## PROBLEM STATEMENT:
Transcribe the entire listing faithfully; every line must match the original.

## RECORDS SUPPLIED:
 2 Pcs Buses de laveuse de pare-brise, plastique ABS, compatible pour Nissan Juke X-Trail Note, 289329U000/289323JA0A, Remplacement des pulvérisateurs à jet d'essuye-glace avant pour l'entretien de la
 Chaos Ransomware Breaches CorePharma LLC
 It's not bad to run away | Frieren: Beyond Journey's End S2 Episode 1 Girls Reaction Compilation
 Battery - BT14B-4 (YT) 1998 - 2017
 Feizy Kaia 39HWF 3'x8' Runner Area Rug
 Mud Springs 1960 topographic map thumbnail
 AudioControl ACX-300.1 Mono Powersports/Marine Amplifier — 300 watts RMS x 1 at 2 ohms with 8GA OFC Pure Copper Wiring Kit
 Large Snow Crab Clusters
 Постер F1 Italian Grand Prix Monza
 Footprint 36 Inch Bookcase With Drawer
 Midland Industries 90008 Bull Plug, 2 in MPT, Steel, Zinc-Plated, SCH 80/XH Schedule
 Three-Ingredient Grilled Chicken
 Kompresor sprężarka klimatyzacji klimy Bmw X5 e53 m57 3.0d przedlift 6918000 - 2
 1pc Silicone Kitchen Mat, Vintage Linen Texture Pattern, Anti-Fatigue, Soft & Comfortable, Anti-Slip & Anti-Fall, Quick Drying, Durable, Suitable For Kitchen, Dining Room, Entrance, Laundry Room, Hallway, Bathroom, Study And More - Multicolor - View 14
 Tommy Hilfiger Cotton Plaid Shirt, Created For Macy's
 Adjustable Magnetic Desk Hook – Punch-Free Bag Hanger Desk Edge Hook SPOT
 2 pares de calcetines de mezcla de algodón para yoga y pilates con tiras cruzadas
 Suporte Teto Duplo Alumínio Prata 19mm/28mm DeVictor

## EXERCISE ANSWER:
 2 Pcs Buses de laveuse de pare-brise, plastique ABS, compatible pour Nissan Juke X-Trail Note, 289329U000/289323JA0A, Remplacement des pulvérisateurs à jet d'essuye-glace avant pour l'entretien de la
 Chaos Ransomware Breaches CorePharma LLC
 It's not bad to run away | Frieren: Beyond Journey's End S2 Episode 1 Girls Reaction Compilation
 Battery - BT14B-4 (YT) 1998 - 2017
 Feizy Kaia 39HWF 3'x8' Runner Area Rug
 Mud Springs 1960 topographic map thumbnail
 AudioControl ACX-300.1 Mono Powersports/Marine Amplifier — 300 watts RMS x 1 at 2 ohms with 8GA OFC Pure Copper Wiring Kit
 Large Snow Crab Clusters
 Постер F1 Italian Grand Prix Monza
 Footprint 36 Inch Bookcase With Drawer
 Midland Industries 90008 Bull Plug, 2 in MPT, Steel, Zinc-Plated, SCH 80/XH Schedule
 Three-Ingredient Grilled Chicken
 Kompresor sprężarka klimatyzacji klimy Bmw X5 e53 m57 3.0d przedlift 6918000 - 2
 1pc Silicone Kitchen Mat, Vintage Linen Texture Pattern, Anti-Fatigue, Soft & Comfortable, Anti-Slip & Anti-Fall, Quick Drying, Durable, Suitable For Kitchen, Dining Room, Entrance, Laundry Room, Hallway, Bathroom, Study And More - Multicolor - View 14
 Tommy Hilfiger Cotton Plaid Shirt, Created For Macy's
 Adjustable Magnetic Desk Hook – Punch-Free Bag Hanger Desk Edge Hook SPOT
 2 pares de calcetines de mezcla de algodón para yoga y pilates con tiras cruzadas
 Suporte Teto Duplo Alumínio Prata 19mm/28mm DeVictor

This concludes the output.